Work item:
Given the records below, the lines starting at the line with "Art Deco sugar" and ending at the line with "Rainbow bubble letter" should be output exactly, both end lines kept and pictures left out.

[Records from a collection]
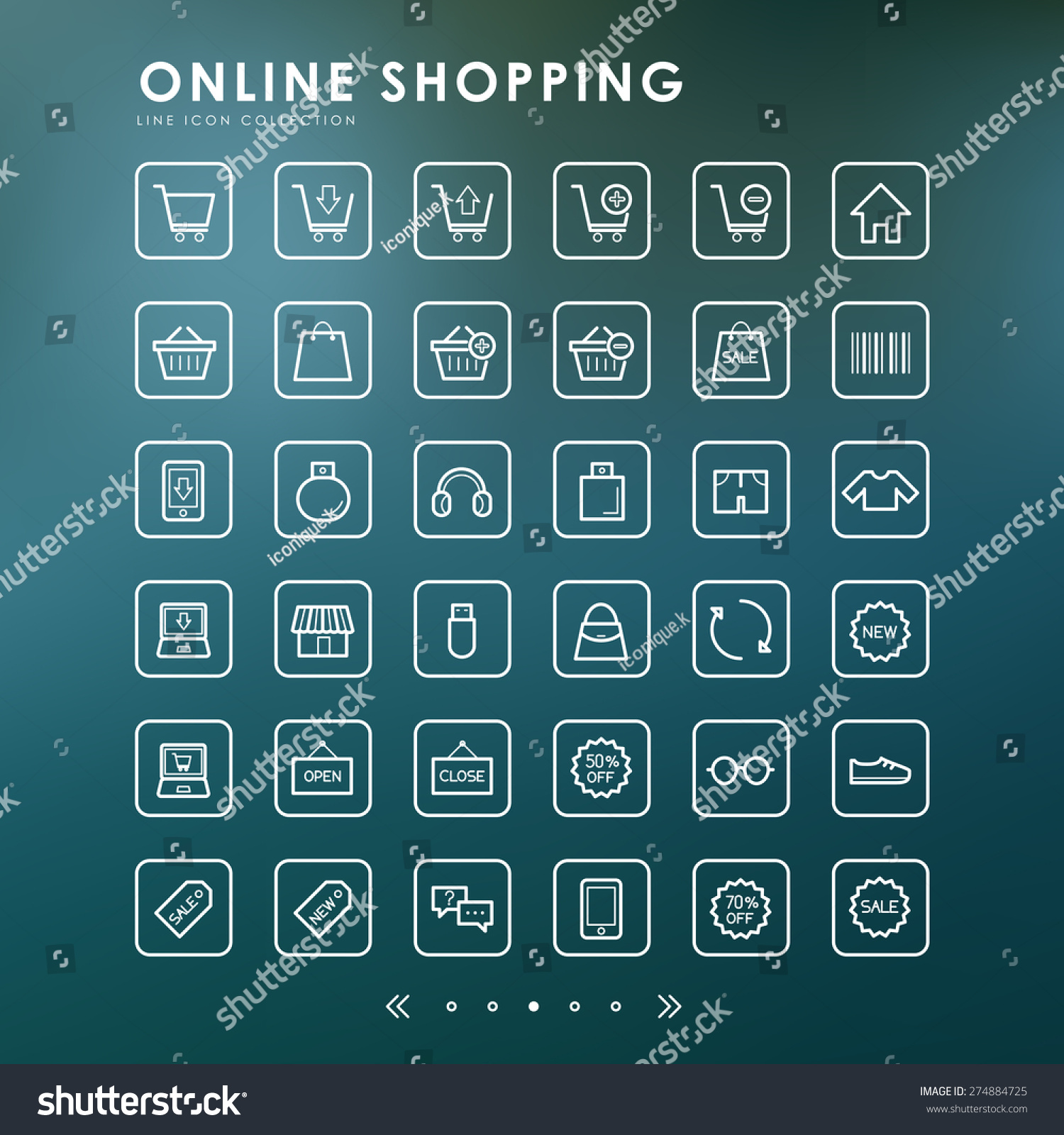 Online Shopping Line Icons Blur Background Stock Vector 274884725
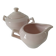 Art Deco sugar bowl and milk jug Céranord Saint-Amand pale pink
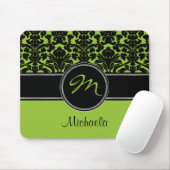 Monogram Green Black White Damask Mousepad Muismat (Met muis)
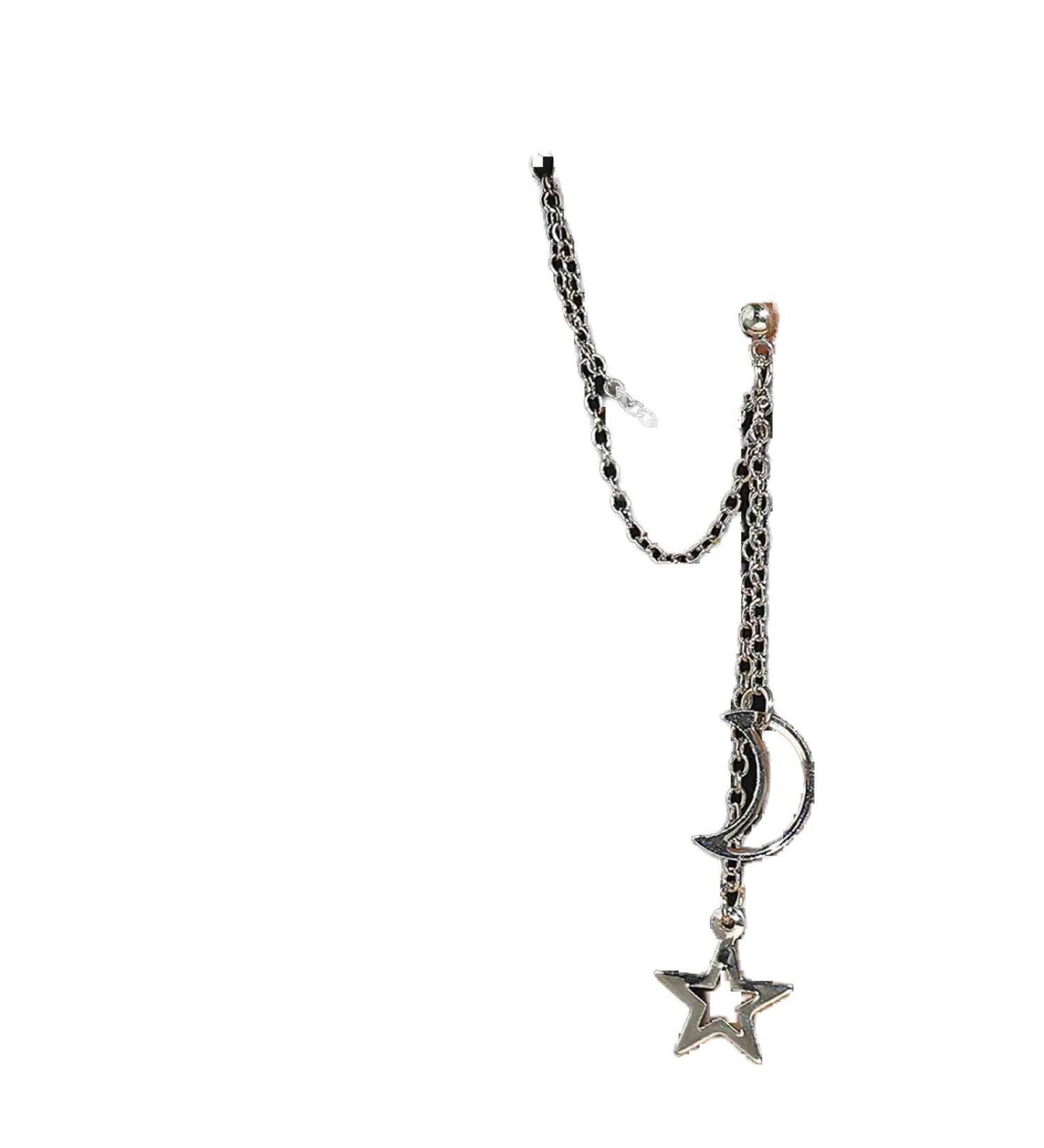 Boho Star Moon Chain Cuff Earrings - Silver Long Drop & Ear Cuff Jewelry for Women & Girls - Buy Online on GoSupps.com
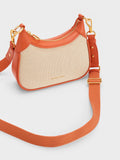 CHARLES & KEITH Mini Alcott Scarf Handle Canvas Bag Orange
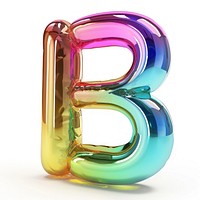 Rainbow bubble letter B white background decorative spectrum.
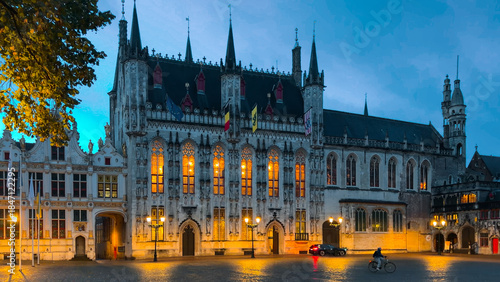 Medieval architecture on the autumn streets of historic center of Bruges, Belgium, October 20, 2025.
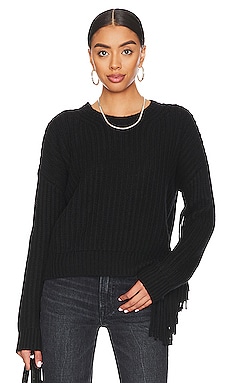 Splendid Britain Fringe Sweater in Black REVOLVE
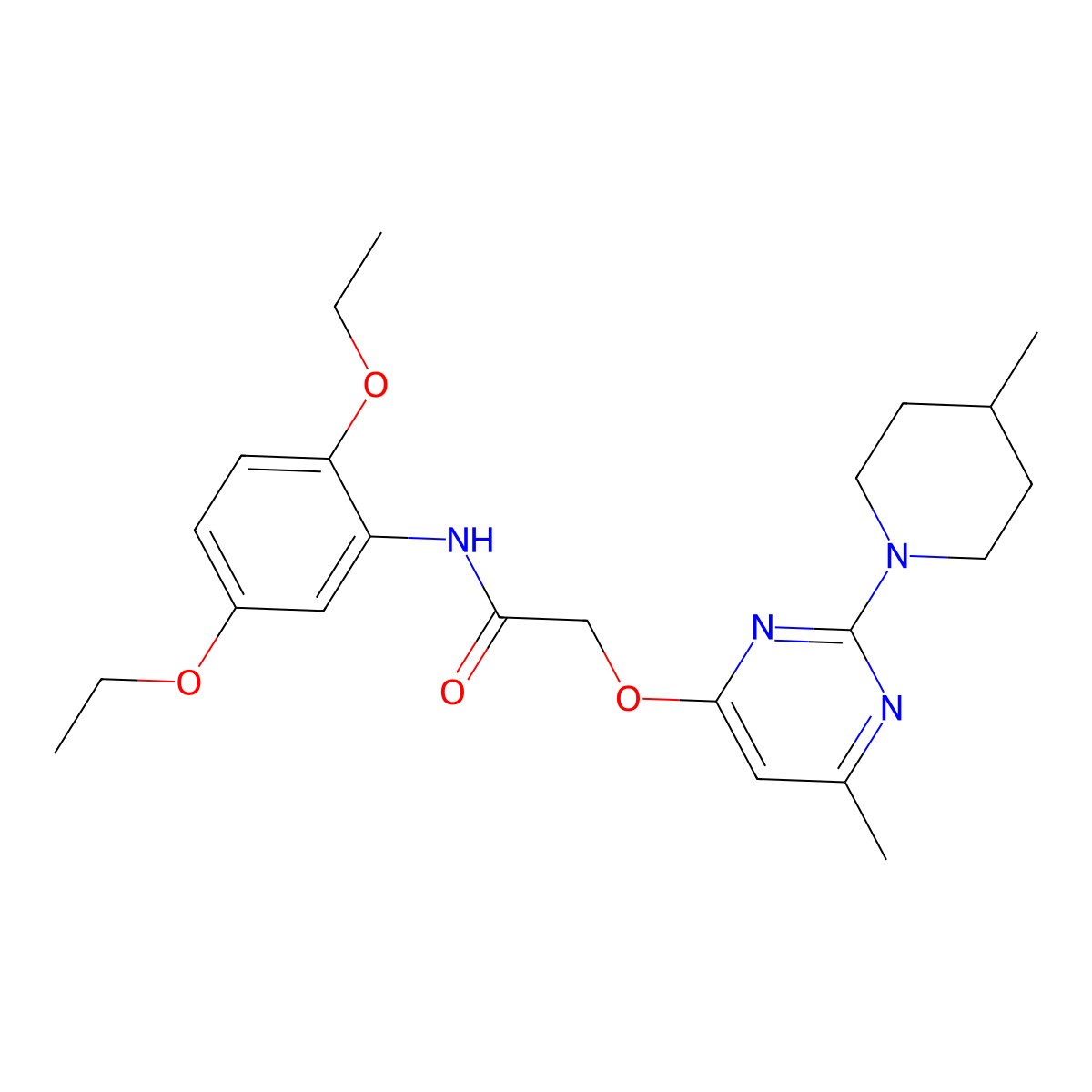 N-(2,5-diethoxyphenyl)-2-{[6-methyl-2-(4-methylpiperidin-1-yl)pyrimidin-4-yl]oxy}acetamide molecular structure, CAS 1226449-24-6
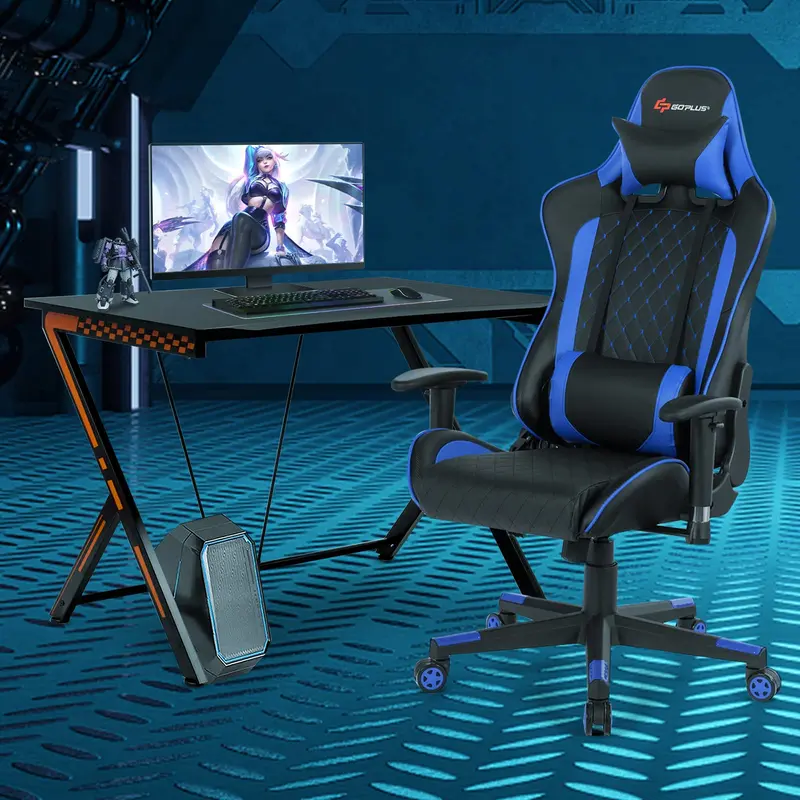 GoPlus-Spielertisch und -Stuhl im Rennstil – Kombipaket für Heimbüro und Gaming-Arbeitsplatz mit Massage-Lendenstütze und Kopfstütze 2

Answer:
 Art Deco sugar bowl and milk jug Céranord Saint-Amand pale pink
 Monogram Green Black White Damask Mousepad Muismat (Met muis)
 Boho Star Moon Chain Cuff Earrings - Silver Long Drop & Ear Cuff Jewelry for Women & Girls - Buy Online on GoSupps.com
 CHARLES & KEITH Mini Alcott Scarf Handle Canvas Bag Orange
 Rainbow bubble letter B white background decorative spectrum.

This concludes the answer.